La qualité de l’offre résidentielle et urbaine est de plus en plus prise en compte par les entreprises qui souhaitent implanter un nouvel établissement dans une agglomération. De la qualité de cette offre dépend, en effet, la capacité de ces entreprises à attirer et stabiliser leur main d’œuvre sur place, et ceci d’autant plus que cette main d’œuvre est qualifiée.
On a longtemps pensé que le travail allait vers le capital. Il semble que ce soit maintenant l’inverse. Les villes qui réussissent ne sont pas celles qui attirent les investissements, mais celles qui attirent d’abord les talents. La baisse des coûts de communication et de déplacement entraine une profonde révision des paramètres de l’implantation géographique. Si les choix de localisation des firmes demeurent structurants, à moyen terme ce sont les choix résidentiels, notamment des plus « talentueux », qui deviennent déterminants. La qualité de vie, pour les mieux dotés, devenue donnée centrale, fait primer l’infrastructure immatérielle sur l’infrastructure matérielle.
Deux problèmes gigantesques surgissent. Tout d’abord l’infrastructure matérielle doit déjà être présente, maintenue et consolidée. Ce qui n’est pas partout le cas. Loin de là. Ensuite, émerge la question de la place (dans l’économie et dans la ville) de la main d’œuvre non qualifiée. Les riches créatifs doivent pouvoir cohabiter avec les pauvres, moins créatifs, de manière harmonieuse et durable. Et l’équilibre est difficile à trouver. C’est là toute la quadrature du cercle de la ville durable : assurer un développement économique qui ne soit pas défavorable à l’environnement tout en assurant un certain niveau de cohésion sociale. Si, bien entendu, tout peut être conciliable dans les discours, il n’existe pas d’équilibre local parfait entre les trois grands enjeux du développement durable : le défi économique (attirer des emplois et des ressources), le défi social (permettre la cohabitation d’habitants différents), et les grands défis environnementaux. La ville étant la plus grande chose artificielle construite par les hommes, et qui attire toujours davantage l’humanité, il n’est pas évident d’y gérer plus efficacement la nature. D’où une compétition de communications mais aussi de réalisations afin de se présenter sous un jour propice.

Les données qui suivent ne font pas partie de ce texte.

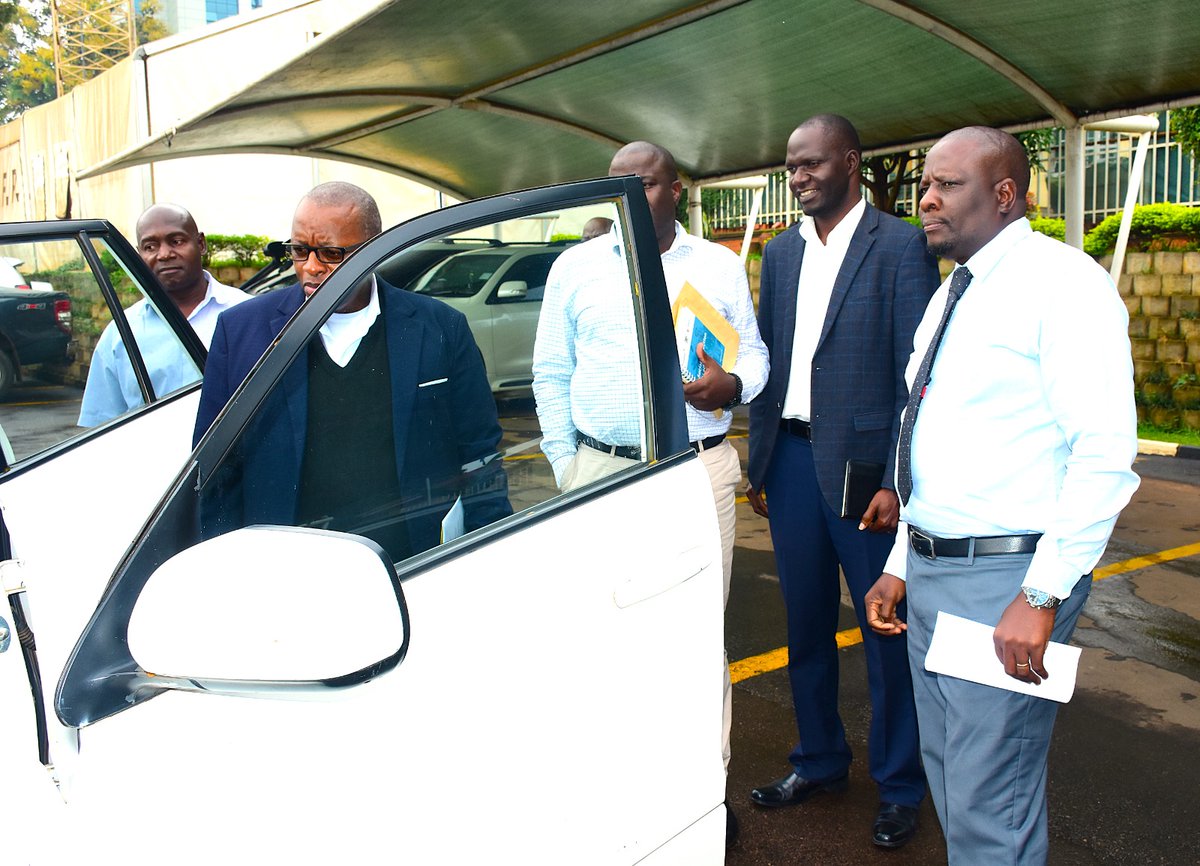 EnabelinUganda's tweet image. Yesterday, four vehicles were officially handed over to the @MinofHealthUG a significant boost in our ongoing partnerships with government institutions.
This milestone directly empowers our partners to enhance service delivery, respond more rapidly to community needs, and…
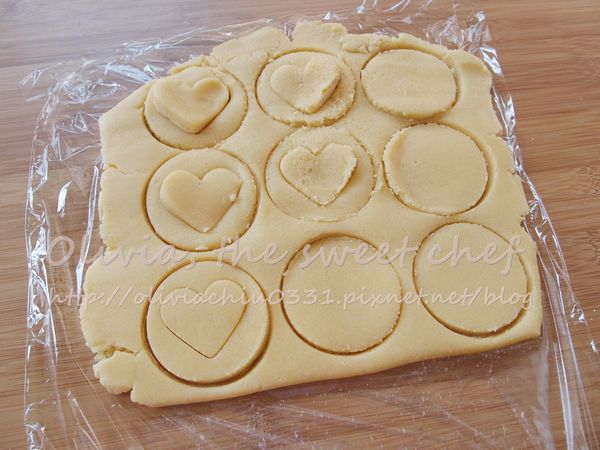 餅乾麵糰從冰箱取出，隔著保鮮膜桿成4mm厚度。
用模具壓出形狀，如果不好操作，再放回冰箱使其凝固。
也可以直接切成正方形，比較簡單~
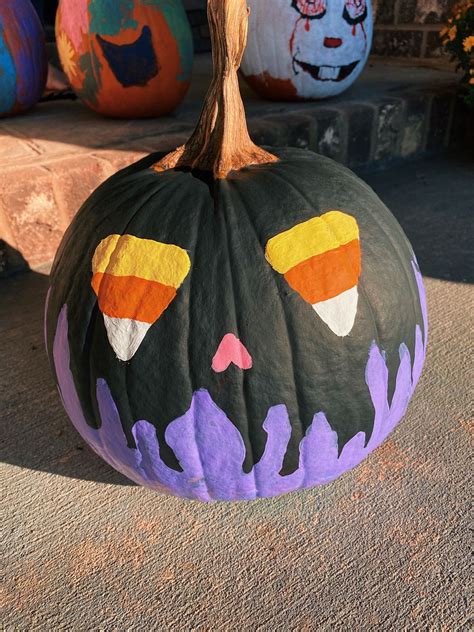 Painted Pumpkin 🎃 | Halloween pumpkin crafts, Halloween pumpkin diy, Cute pumpkin carving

ENCADRÉ 1 – Le « city branding »
S’il rappelle à certains égards la tradition des devises et des blasons des villes européennes, le city branding –c’est-à-dire la promotion de l’image de marque des ville – s’inspire des techniques modernes de commercialisation pour valoriser la ville à travers la création d’une marque et de slogans publicitaires tels que « MADrid about you », « I Amsterdam », « OnlyLyon ». La marque doit contribuer à rendre la ville identifiable et désirable. Le city branding correspond à la fois à une démarche de labellisation faisant ressortir des attributs matériels de la ville et affirmant son statut (de capitale, de technopole innovante, de ville verte) et un marquage symbolique reposant sur la mise en avant de valeurs locales spécifiques, d’une histoire singulière, de sa « personnalité », son dynamisme, ses qualités esthétiques, son patrimoine ou encore son ambiance et son animation. Grâce à ce marketing identitaire, des villes comme Barcelone, Bilbao, Dublin on encore Manchester se sont dotées d’un nouveau « capital image » qui a largement contribué à renforcer leur attractivité. Nombre de villes se dotent d’ailleurs très explicitement d’un service de marketing urbain. Et dans le cadre de ces politiques, pouvoir être reconnu ou labellisé comme éco-quartier, ville durable, ville verte, ville « inclusive » (comme la Commission européenne les promeut), ou – nouveau terme en vogue – ville résiliente importe considérablement. Il n’en va plus seulement, en France, de panneaux d’entrées de ville présentant une reconnaissance « ville ou village fleuri » mais d’arguments essentiels à faire valoir à des investisseurs et des habitants (actuels ou à venir).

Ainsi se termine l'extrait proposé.